### TO DO
Return only the lines of the listing below that run from the line with "Harley-Davidson 48 Sportster" through the line with "Daniel Wellington Petite Evergold DW00100348", both ends included, exactly as written.

——————————

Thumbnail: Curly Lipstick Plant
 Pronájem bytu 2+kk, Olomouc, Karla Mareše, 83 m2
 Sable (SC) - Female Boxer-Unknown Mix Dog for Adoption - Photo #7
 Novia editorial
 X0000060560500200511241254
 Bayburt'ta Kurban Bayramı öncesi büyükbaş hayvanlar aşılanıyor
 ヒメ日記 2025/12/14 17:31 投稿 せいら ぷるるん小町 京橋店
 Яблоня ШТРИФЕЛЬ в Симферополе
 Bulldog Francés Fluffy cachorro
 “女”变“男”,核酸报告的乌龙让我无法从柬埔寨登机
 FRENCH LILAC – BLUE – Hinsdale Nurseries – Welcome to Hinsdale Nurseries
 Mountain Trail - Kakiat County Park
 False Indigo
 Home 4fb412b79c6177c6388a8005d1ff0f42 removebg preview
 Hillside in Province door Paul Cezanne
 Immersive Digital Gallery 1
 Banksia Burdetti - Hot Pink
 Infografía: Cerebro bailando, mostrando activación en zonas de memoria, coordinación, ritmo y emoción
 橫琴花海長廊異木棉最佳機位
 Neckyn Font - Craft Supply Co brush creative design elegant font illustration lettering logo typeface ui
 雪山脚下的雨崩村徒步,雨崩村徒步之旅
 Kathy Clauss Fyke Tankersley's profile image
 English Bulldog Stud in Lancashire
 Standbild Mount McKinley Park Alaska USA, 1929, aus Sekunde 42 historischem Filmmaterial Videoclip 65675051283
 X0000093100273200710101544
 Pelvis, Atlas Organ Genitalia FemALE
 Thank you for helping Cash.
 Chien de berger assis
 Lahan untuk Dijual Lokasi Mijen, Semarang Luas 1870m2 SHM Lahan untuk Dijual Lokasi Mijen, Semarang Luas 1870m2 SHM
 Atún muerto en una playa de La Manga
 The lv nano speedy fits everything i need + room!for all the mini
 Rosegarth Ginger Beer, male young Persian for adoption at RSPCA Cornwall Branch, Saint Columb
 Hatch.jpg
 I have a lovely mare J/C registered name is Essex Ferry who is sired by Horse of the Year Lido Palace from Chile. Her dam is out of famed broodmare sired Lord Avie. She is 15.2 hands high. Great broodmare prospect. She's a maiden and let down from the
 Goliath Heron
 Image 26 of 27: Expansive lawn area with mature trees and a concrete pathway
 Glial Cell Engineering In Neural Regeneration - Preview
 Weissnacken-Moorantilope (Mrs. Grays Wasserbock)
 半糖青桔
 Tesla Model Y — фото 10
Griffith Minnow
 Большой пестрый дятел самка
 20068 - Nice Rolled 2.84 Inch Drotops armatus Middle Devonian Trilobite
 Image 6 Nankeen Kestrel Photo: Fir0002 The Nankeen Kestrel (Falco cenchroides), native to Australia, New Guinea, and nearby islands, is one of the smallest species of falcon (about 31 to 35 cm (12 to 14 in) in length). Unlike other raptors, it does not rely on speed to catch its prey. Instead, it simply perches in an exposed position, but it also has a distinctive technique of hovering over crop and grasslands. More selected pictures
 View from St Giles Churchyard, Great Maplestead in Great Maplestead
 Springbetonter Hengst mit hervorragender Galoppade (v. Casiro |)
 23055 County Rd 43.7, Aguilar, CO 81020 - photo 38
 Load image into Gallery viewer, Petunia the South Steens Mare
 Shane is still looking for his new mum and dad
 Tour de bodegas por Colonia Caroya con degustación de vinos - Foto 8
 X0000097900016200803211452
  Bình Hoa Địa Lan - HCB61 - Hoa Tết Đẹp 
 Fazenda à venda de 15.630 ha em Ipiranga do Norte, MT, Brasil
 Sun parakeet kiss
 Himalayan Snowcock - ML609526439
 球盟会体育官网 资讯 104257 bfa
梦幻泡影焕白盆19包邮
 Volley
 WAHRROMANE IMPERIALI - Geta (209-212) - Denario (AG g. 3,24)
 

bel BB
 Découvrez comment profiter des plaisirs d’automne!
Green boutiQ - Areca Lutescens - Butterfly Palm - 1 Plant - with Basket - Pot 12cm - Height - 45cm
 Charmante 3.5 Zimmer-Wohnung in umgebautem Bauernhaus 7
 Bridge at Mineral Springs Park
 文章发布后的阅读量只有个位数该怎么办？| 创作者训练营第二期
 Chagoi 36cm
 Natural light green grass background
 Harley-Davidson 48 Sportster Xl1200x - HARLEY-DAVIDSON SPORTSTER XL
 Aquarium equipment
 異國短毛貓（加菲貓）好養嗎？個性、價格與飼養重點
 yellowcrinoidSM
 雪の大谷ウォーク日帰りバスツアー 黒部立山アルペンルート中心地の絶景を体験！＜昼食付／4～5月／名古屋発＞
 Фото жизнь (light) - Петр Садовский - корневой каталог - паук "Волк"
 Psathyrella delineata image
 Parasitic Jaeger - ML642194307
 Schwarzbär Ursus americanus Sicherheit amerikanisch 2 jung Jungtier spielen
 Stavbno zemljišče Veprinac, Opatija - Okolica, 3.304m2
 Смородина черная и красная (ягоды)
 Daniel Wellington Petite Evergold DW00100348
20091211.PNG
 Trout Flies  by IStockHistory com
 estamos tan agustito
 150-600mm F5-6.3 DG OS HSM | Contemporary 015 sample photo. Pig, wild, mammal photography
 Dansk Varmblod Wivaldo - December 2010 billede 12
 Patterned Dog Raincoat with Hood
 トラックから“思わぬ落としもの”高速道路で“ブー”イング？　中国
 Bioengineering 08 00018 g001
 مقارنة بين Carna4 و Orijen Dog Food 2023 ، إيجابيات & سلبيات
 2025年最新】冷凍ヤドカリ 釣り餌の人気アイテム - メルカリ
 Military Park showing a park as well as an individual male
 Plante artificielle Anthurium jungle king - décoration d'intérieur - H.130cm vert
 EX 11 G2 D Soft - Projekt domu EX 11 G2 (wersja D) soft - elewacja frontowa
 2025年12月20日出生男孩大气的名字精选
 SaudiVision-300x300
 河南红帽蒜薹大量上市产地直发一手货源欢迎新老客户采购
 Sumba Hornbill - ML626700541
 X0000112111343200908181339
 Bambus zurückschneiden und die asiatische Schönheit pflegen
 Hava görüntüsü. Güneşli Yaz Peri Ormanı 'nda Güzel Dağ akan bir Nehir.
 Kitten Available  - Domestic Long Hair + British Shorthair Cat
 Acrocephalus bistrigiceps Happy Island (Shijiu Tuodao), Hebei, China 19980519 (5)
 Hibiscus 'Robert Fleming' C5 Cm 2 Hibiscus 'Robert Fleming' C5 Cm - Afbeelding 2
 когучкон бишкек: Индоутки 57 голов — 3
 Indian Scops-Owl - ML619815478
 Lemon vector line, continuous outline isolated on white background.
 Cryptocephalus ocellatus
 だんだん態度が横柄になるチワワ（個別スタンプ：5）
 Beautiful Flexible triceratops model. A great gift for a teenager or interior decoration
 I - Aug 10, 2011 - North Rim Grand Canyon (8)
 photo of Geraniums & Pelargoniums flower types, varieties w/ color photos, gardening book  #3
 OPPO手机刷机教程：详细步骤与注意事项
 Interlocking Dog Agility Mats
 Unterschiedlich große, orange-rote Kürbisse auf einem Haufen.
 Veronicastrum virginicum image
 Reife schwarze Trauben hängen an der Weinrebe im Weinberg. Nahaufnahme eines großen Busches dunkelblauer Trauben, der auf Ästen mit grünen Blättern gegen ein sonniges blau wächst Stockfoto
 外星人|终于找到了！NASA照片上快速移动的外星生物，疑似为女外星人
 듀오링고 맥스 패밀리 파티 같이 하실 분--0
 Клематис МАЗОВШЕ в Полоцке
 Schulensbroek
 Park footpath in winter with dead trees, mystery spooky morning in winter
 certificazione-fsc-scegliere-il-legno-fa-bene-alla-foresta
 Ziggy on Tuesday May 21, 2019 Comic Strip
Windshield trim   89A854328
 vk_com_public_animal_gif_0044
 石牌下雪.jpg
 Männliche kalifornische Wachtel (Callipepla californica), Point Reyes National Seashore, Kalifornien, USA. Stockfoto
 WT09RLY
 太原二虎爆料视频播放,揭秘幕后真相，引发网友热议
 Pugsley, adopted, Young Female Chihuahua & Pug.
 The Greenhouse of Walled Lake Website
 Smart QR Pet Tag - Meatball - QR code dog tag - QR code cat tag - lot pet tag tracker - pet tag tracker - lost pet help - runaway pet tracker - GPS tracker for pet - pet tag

——————————

### SOLUTION
 Harley-Davidson 48 Sportster Xl1200x - HARLEY-DAVIDSON SPORTSTER XL
 Aquarium equipment
 異國短毛貓（加菲貓）好養嗎？個性、價格與飼養重點
 yellowcrinoidSM
 雪の大谷ウォーク日帰りバスツアー 黒部立山アルペンルート中心地の絶景を体験！＜昼食付／4～5月／名古屋発＞
 Фото жизнь (light) - Петр Садовский - корневой каталог - паук "Волк"
 Psathyrella delineata image
 Parasitic Jaeger - ML642194307
 Schwarzbär Ursus americanus Sicherheit amerikanisch 2 jung Jungtier spielen
 Stavbno zemljišče Veprinac, Opatija - Okolica, 3.304m2
 Смородина черная и красная (ягоды)
 Daniel Wellington Petite Evergold DW00100348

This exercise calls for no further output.